Docker is a technology stack for running things in virtualized environments. In Keboola, we use a limited set of Docker features. Their description follows. For a full technical description of Docker, consult its official documentation.
At first sight, Docker is similar to other virtualization technologies (such as VMware or VirtualBox). However, there are some fundamental differences, the main one being that Docker runs only virtualized applications, not the entire OS.
Docker has Docker Images and Docker Containers. To create a Docker image, create a Dockerfile. Dockerfiles contain instructions on how the Docker image should be built, and this represents the environment (OS + modifications) in which an application runs.
A Docker image contains everything required to run an application. It usually has an entrypoint, which is a single command executed when the image is run.

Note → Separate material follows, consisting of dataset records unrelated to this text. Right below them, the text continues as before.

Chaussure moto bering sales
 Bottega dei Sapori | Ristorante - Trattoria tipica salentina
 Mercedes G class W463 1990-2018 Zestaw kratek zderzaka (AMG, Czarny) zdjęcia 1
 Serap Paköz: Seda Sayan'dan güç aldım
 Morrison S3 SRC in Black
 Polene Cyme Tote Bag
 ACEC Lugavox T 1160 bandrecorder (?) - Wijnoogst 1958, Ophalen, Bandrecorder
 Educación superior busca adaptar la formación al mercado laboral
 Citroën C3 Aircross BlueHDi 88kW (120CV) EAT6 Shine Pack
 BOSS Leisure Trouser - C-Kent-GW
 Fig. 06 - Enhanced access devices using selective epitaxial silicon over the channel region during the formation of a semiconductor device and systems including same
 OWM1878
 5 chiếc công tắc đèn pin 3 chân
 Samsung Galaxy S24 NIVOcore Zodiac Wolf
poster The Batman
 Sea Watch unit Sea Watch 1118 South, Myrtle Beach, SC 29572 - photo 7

When you run an image (start an application in it), a Docker container is created. The container is a sandbox isolated from the image itself and cannot make permanent changes to it. Maybe somewhat surprising, this is very important. When you run the image again (and create a new container), it won’t be affected in any way by the previous container. The Docker image is therefore stateless and acts as a template. The state is stored only in the container.
Docker Images are created by executing the instructions written in a Dockerfile. It is a simple text file consisting mostly of shell commands which must be executed to prepare the application for running. Docker images can be based on other images. So if you need minor modification to a system, you do not have to build the whole thing from scratch. If you want Images to be reused, push your Dockerfile to a Docker registry. The registries (Dockerhub, Quay) will build the image; anyone interested in using it can download it. AWS ECR is a private repository and has no build triggers. You need to push the images manually or using a deploy script in your CI pipeline.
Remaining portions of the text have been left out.